■ **THE TASK**
Where the records below show a line containing "Passing the pylorus, the", start copying; end with the line containing "MedVR's system consists", and copy it too.

■ **SUPPLIED ENTRIES**
◇ ◇ ◇ ◇

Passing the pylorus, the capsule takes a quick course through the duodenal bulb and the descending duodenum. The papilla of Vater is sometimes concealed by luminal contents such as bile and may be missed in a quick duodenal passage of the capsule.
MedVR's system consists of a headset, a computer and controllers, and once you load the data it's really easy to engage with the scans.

◇ ◇ ◇ ◇

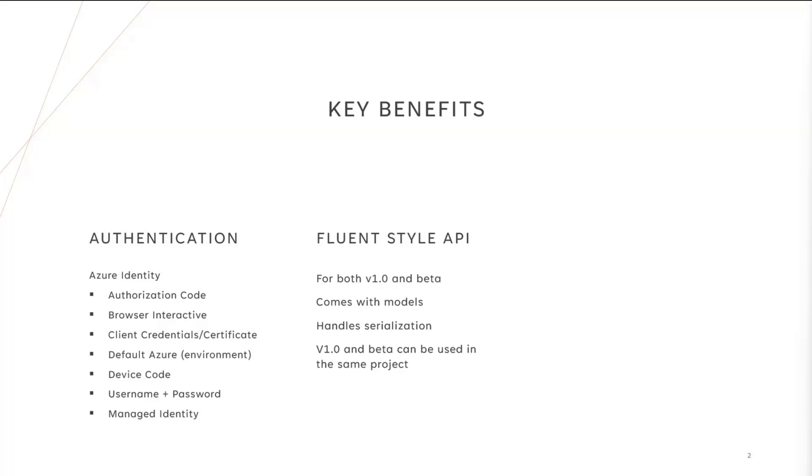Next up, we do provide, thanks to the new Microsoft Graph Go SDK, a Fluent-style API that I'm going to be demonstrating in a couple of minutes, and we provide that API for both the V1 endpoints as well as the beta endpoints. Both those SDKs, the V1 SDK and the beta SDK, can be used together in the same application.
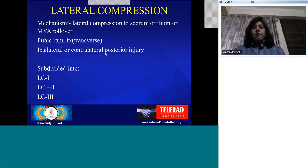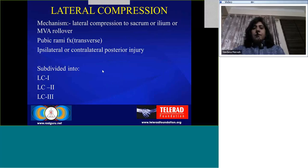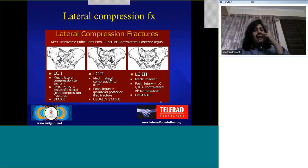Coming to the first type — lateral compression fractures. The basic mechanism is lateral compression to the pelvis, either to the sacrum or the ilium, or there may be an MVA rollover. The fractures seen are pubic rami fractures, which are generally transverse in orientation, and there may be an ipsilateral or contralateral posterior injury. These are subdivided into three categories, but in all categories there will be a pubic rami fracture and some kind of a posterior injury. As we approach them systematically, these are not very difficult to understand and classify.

◇ ◇ ◇ ◇

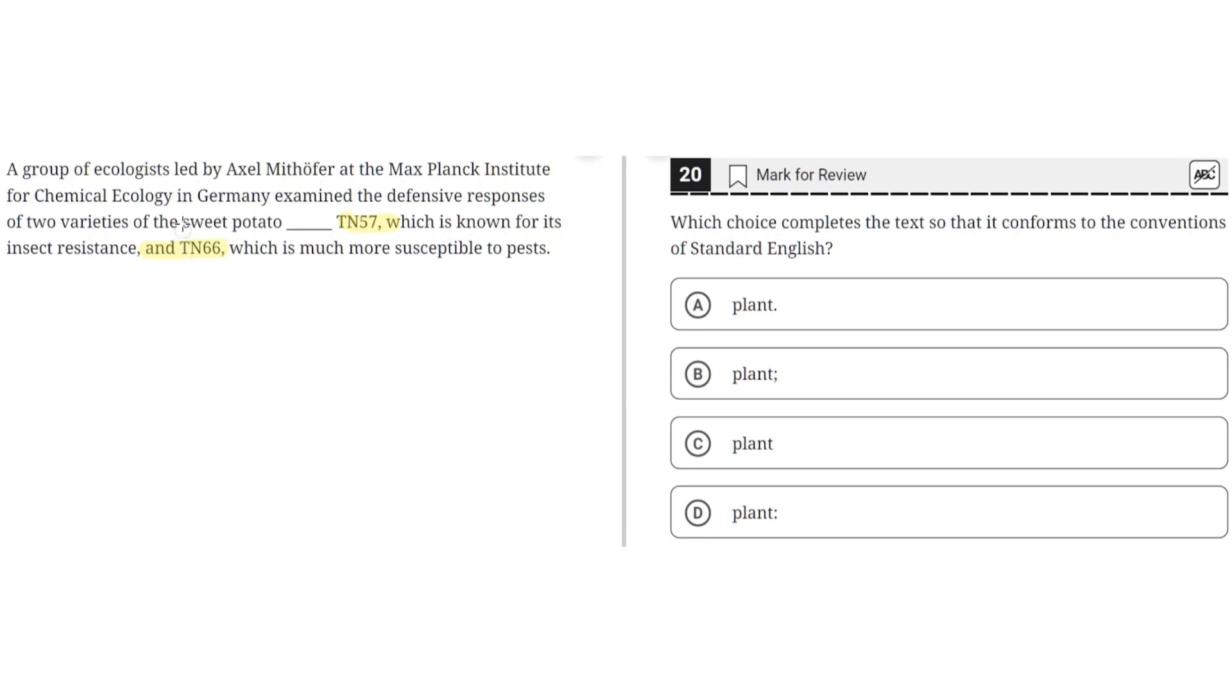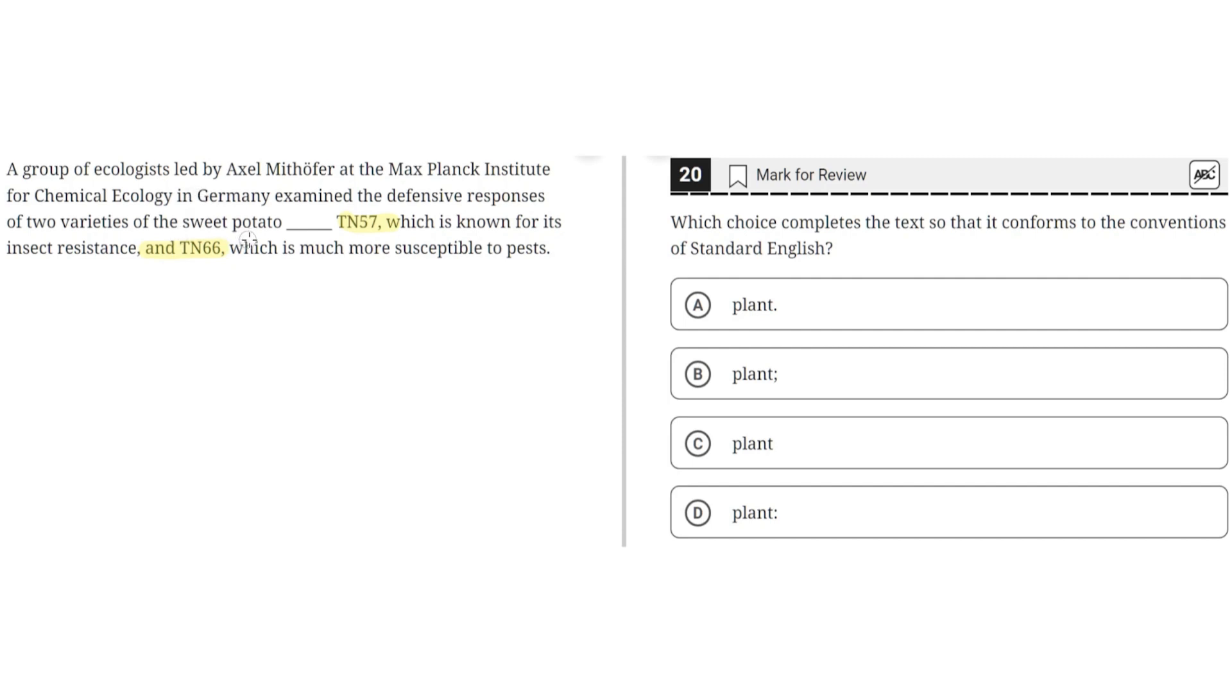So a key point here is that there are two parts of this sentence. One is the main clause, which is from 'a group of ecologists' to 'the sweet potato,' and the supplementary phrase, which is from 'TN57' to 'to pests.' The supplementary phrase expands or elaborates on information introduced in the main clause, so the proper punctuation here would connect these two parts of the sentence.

◇ ◇ ◇ ◇

■ **ANSWER TO THIS PROBLEM**
Passing the pylorus, the capsule takes a quick course through the duodenal bulb and the descending duodenum. The papilla of Vater is sometimes concealed by luminal contents such as bile and may be missed in a quick duodenal passage of the capsule.
MedVR's system consists of a headset, a computer and controllers, and once you load the data it's really easy to engage with the scans.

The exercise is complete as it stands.